Este suceso nos invita a preguntarnos: ¿qué estamos enseñando a nuestros niños? ¿Qué estamos permitiendo que les enseñen? La respuesta es clara: en muchos casos, estamos permitiendo que los valores de respeto, empatía y comprensión sean sustituidos por el cinismo, la indiferencia, la discriminación y en muchas ocasiones, la omisión.
Ambos casos evidencian la urgente necesidad de replantear el papel de la educación en la vida emocional de los niños. Los docentes tienen la responsabilidad de ser guías y deben ser modelos de empatía, respeto y apoyo emocional, pero quien debe encaminarlos son los propios padres.
Muchas veces, como padres, culpamos de las actitudes de nuestros hijos a los maestros y esto, se vuelve una carga enorme en los docentes y las consecuencias pueden ser fatales. No basta con impartir conocimiento académico, sino que debemos enseñarles a ser seres humanos íntegros, sensibles y empáticos y como padres debemos tomar partida.
Es importante también recordar que el problema de la violencia escolar no se limita únicamente al aula. La familia y la sociedad en general deben asumir su parte en la creación de un entorno donde el respeto y la empatía sean los pilares fundamentales. Los padres deben estar atentos al bienestar emocional de sus hijos, proporcionarles un espacio seguro y afectivo donde puedan expresarse, y ser acompañantes activos en sus procesos escolares. No podemos seguir permitiendo que los niños enfrenten la crueldad del mundo sin el apoyo necesario.
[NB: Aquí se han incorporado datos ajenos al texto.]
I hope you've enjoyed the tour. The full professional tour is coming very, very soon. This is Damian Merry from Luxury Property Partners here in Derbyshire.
Ni debemos hacernos omisos cuando los propios menores son los que se convierten en agresores, como ocurrió con Larissa en Tepic, Nayarit, quien fue atacada por ocho adolescentes de su misma escuela cuando ya se encontraba en su hogar. Es fundamental entender que cada agresor tiene su propia historia, que lo ha llevado a esa actitud, y que cada víctima, por su parte, tiene su propia carga de dolor. La violencia se perpetúa cuando no se interviene a tiempo, cuando no se reflexiona sobre el trasfondo emocional de cada situación.
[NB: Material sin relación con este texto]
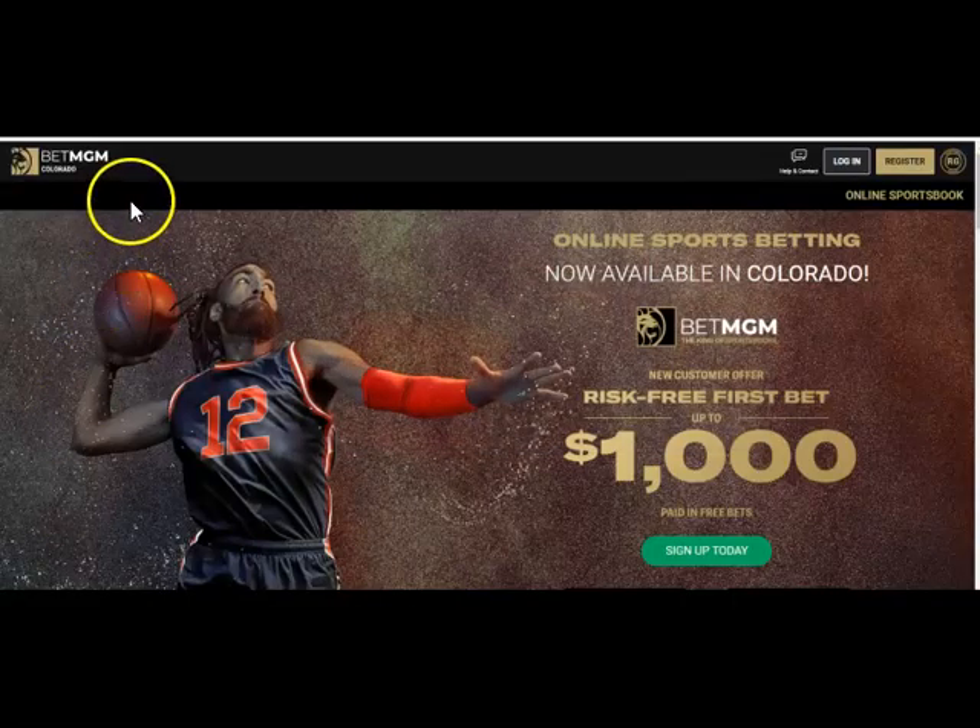Here at BetMGM in Colorado, the Colorado market has between 25 and 30 or more sportsbook options. If you're in a state where you have questions, leave them below and we'll help you identify the best sportsbooks in your area. For today's purposes, you're going to register — it's a very simple process.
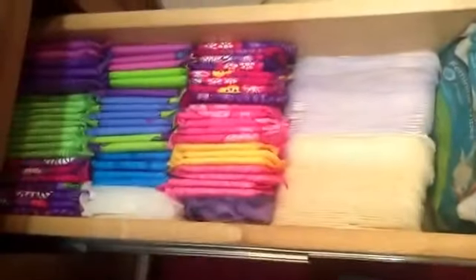Mine is the bottom drawer. This is my razor that I bought yesterday, and my toothbrushes and toothpaste. So this is an overview of my updated storage for our bathroom.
Al final, tanto las víctimas como los agresores son el reflejo de un sistema que está fallando. Como mencioné en una columna pasada, “Y la culpa es de…”, yo mismo podría haber sido Asaid en algún momento de mi vida. Todos, de alguna manera, somos responsables. ¿Hasta cuándo vamos a seguir ignorando el dolor de nuestros niños? La violencia escolar no es un fenómeno aislado; es un síntoma de una sociedad que necesita replantearse sus valores y asumir la responsabilidad compartida de educar con amor, respeto y empatía. Necesitamos actuar antes de que más tragedias como la de Juan Lorenzo y Asaid se repitan, no dejemos que haya más Larissas.
Es hora de que hagamos un cambio profundo y recordemos, un simple gesto puede cambiar tantas cosas.